How to Calculate Inter-rater Reliability
The term inter-rater reliability describes the amount of agreement between multiple raters or judges. Using an inter-rater reliability formula provides a consistent way to determine the level of consensus among judges. This allows people to gauge just how reliable both the judges and the ratings that they give are in any given situation. Too little consensus often indicates that the criteria on which the judges base their ratings need to be changed.
Type the ratings into a text document. Each rating should be preceded by a judge identifier such as a judge name or numeral. A comma and a single space should seperate this judge identifier from the rating, and each rating should occupy a new line. If you have more than one rating per judge, these additional ratings should occupy a new line as well. Example: Doug, 6 Doug, 7 Beth, 6 Sam, 9 Ben, 8
Save the text document to your computer.
Go to the Inter-rater Reliability Calculator listed in the Resources.

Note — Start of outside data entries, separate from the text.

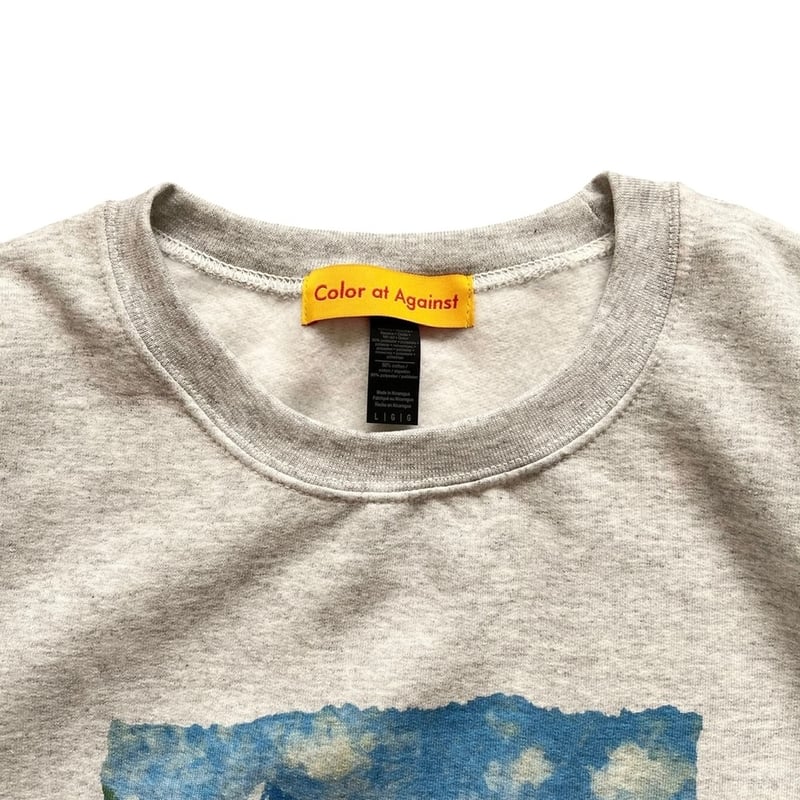 Color at Against Originals / Scenic Sweat | Col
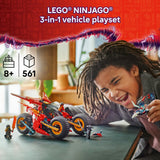 LEGO 71844 Ninjago Ninja Combat Vehicle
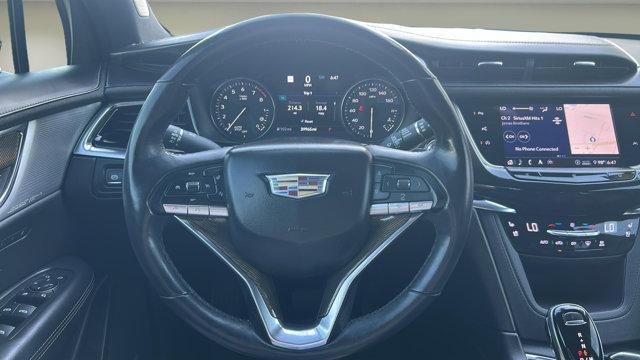 used 2020 Cadillac XT6 car, priced at $37,050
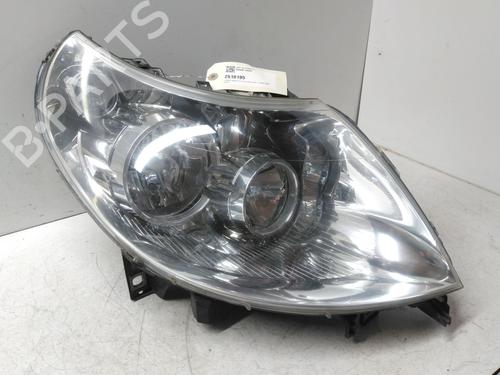 Right headlight CITROËN JUMPER II Van 2.2 HDi 120 | BP38737568C29 - Image 2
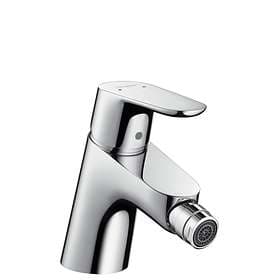 Hansgrohe Focus Bidet Mixer 31920000 (Chrome)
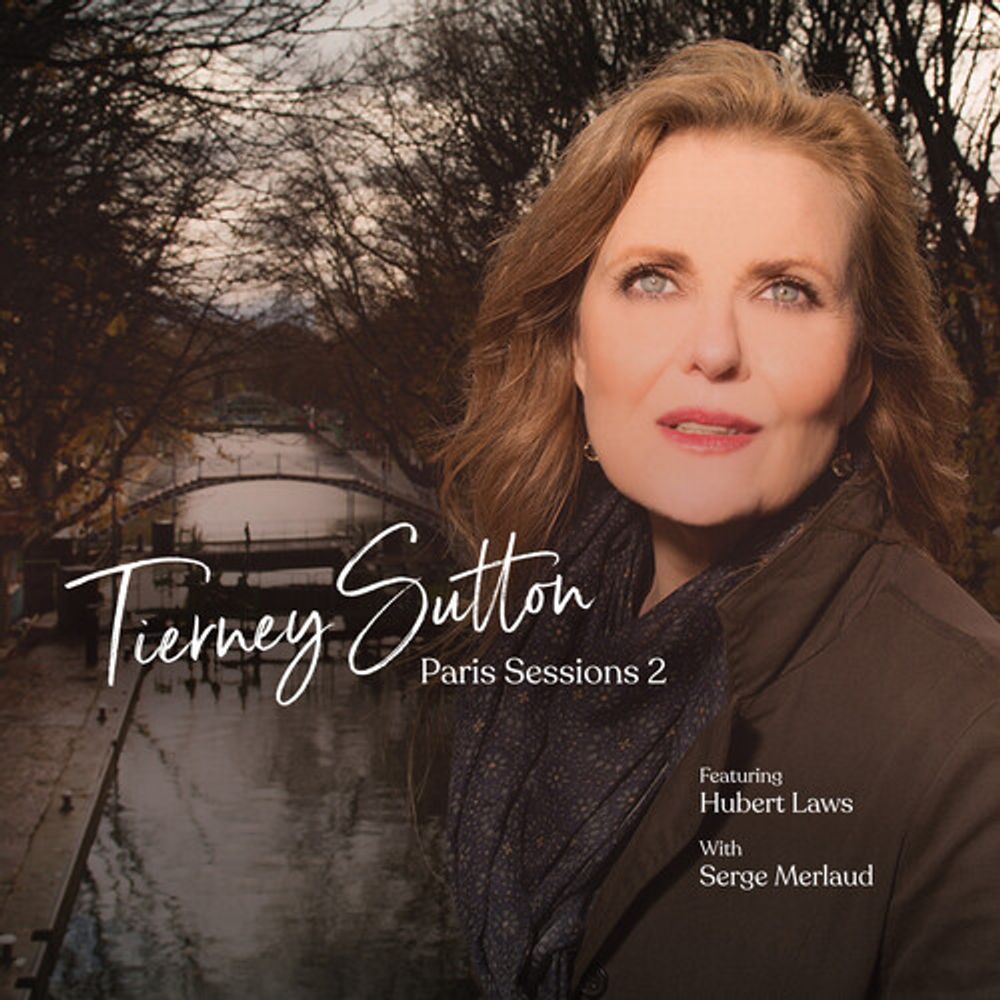 

Диск CD Paris Sessions 2 - Tierney Sutton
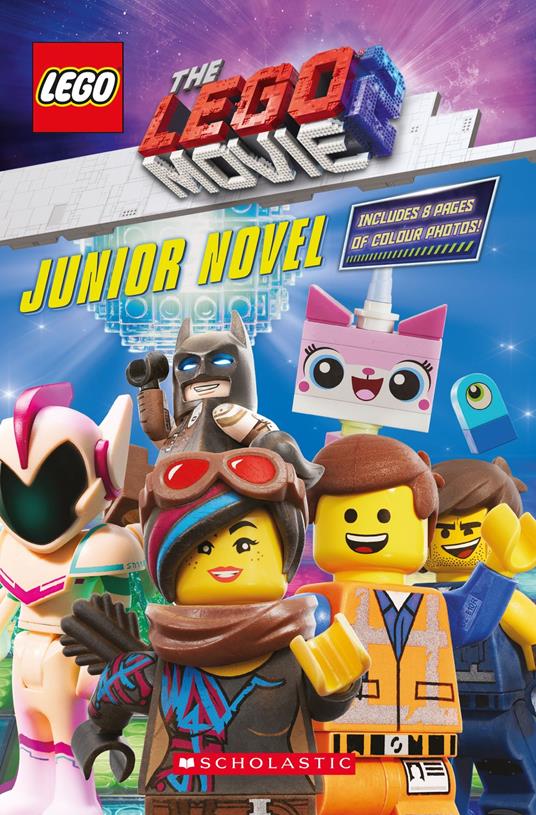 The LEGO® Movie™ 2: The LEGO Movie 2 Junior Novel - Kate Howard - ebook
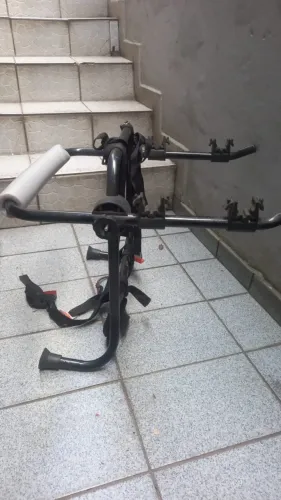 SUPORTE PARA 2 BICICLETAS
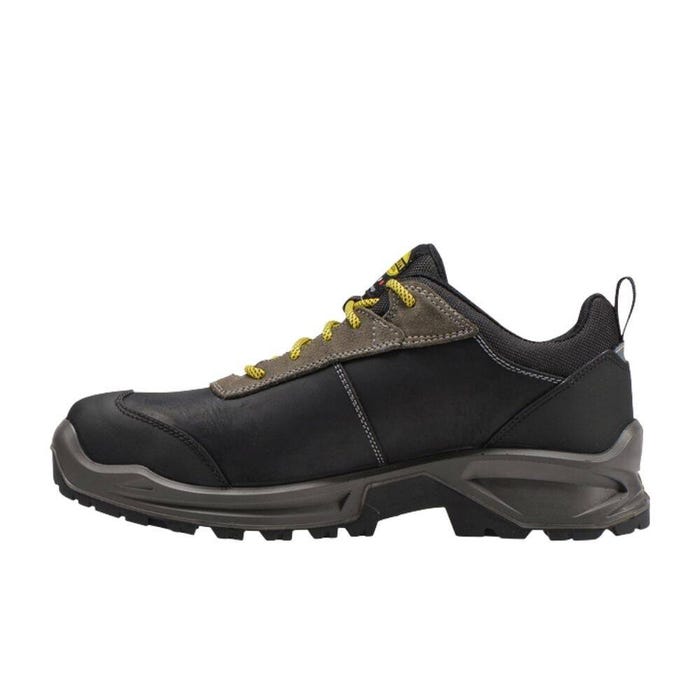 Chaussures imperméables thermo-isolantes SPORT DIATEX S3 Noir / Jaune 48 3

Scroll to the middle of the page where it says "Specify the text file with ratings" and click "Browse".
Select the text document you saved in Step 2.
Select the number of raters from the scroll down menu next to the browse button.
- The reliability of the ratings should be calculated at somewhere between 0 and 1, with 1 being a high degree of reliability and 0 being no reliability.
- By translating qualitative measurements (e.g., bad, neutral and good) into quantitative ones (e.g., 1, 2 and 3), you can use this same method to measure the inter-rater reliability of non-numerical ratings as well.